This work addresses the challenge in materials and product design where the objective is often to discover diverse solutions that satisfy a target performance interval—rather than a single optimum—while accounting for hard-to-quantify factors such as cost and manufacturability. The authors propose an interval-aware Bayesian optimization framework that, for the first time, directly incorporates performance intervals into the acquisition function by evaluating the posterior probability that a candidate design meets the desired specifications. Combining Gaussian process modeling, a probabilistic acquisition function under interval constraints, and a parallel multi-specification exploration strategy, the method enables efficient and diverse specification-driven design.
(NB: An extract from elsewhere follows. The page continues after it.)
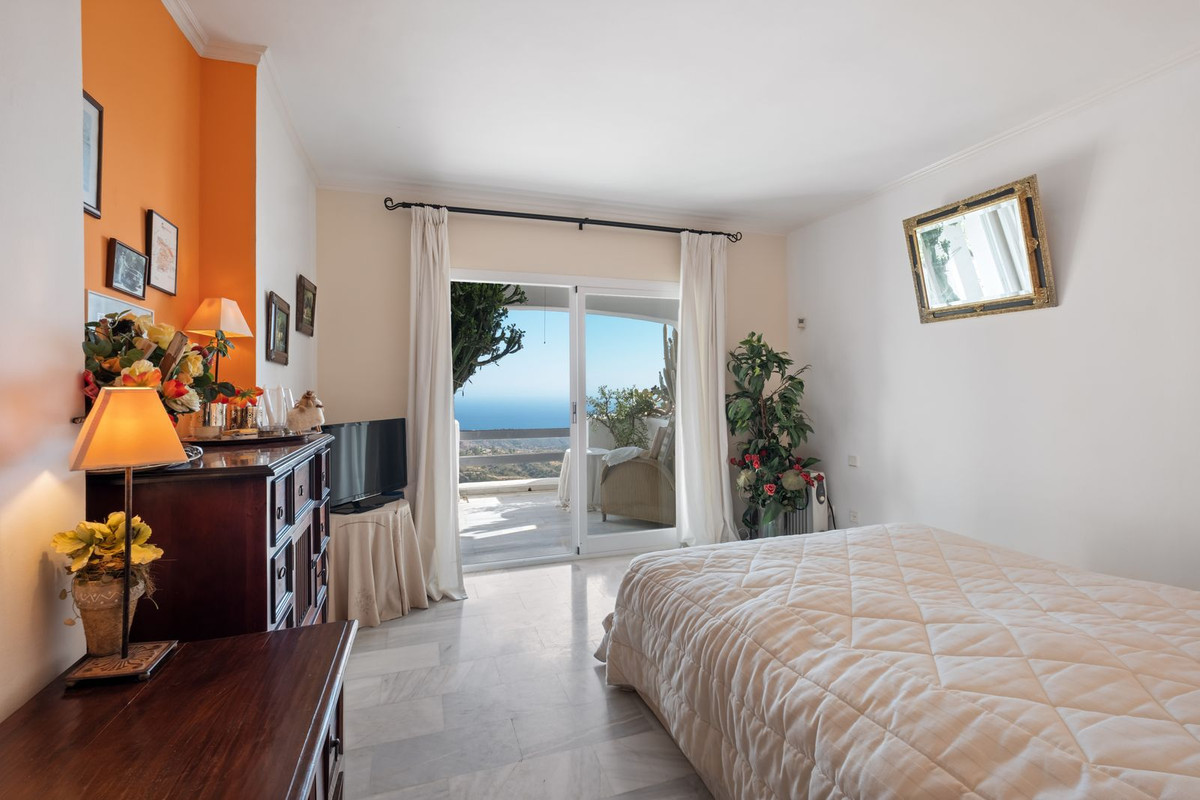 2 Bedroom Apartment in Marbella - Photo 23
Empirical results on real-world tasks—including polymer synthesis and oligomer optical bandgap design—demonstrate clear superiority over existing approaches, yielding richer sets of valid, specification-compliant designs.
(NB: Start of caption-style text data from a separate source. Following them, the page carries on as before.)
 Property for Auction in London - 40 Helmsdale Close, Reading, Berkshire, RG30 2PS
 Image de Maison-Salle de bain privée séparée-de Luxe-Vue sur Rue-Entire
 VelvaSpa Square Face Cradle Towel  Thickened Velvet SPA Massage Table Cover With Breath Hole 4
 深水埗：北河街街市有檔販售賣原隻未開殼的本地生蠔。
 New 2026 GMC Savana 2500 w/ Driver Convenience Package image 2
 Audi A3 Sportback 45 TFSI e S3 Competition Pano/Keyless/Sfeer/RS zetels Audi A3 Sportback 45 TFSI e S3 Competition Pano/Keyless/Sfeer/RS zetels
In many materials and product design problems, desirable candidates exhibit properties that fall within an acceptable range rather than achieve a single optimum. Recovering multiple, distinct solutions that satisfy such specifications is also practically valuable, as some candidates may be preferred for reasons of cost, processability, or robustness that are difficult to encode directly in an objective function. Here, we develop a range-aware Bayesian optimization (BO) framework in which the acquisition function directly scores the posterior probability that a candidate satisfies a target range. The framework naturally extends to parallel pursuit of multiple distinct specifications over a shared candidate space. Across benchmark tasks, range-aware acquisition consistently recovers larger and more diverse sets of valid designs than standard BO baselines and recent goal-seeking methods. Its utility is further demonstrated in two practically motivated design case studies involving optimizing reaction conditions for polymer synthesis and sequence-defined oligomer discovery for prescribed optical absorption bands, supported by quantum chemical calculations. These results suggest that range-aware BO can provide a practical and sample-efficient foundation for specification-driven design, particularly when design flexibility and solution diversity are important considerations.